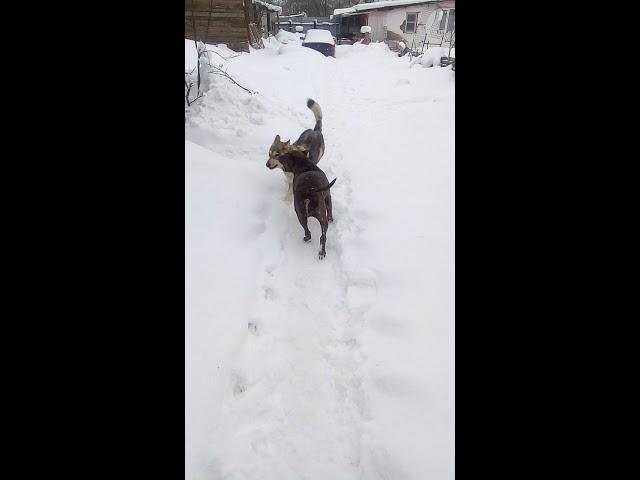 Люсяша и Шерри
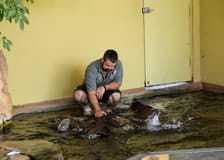 Crocosaurus Cove Tickets with Whipray Encounter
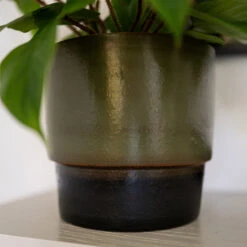 Erik Plant Pot - Dark Olive -Plants Sale Store Erik Olive 4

_TASK BRIEF_. Produce a verbatim copy of the listing, leaving out all pictures.

_YOUR SOLUTION_.
 Люсяша и Шерри
 Crocosaurus Cove Tickets with Whipray Encounter
 Erik Plant Pot - Dark Olive -Plants Sale Store Erik Olive 4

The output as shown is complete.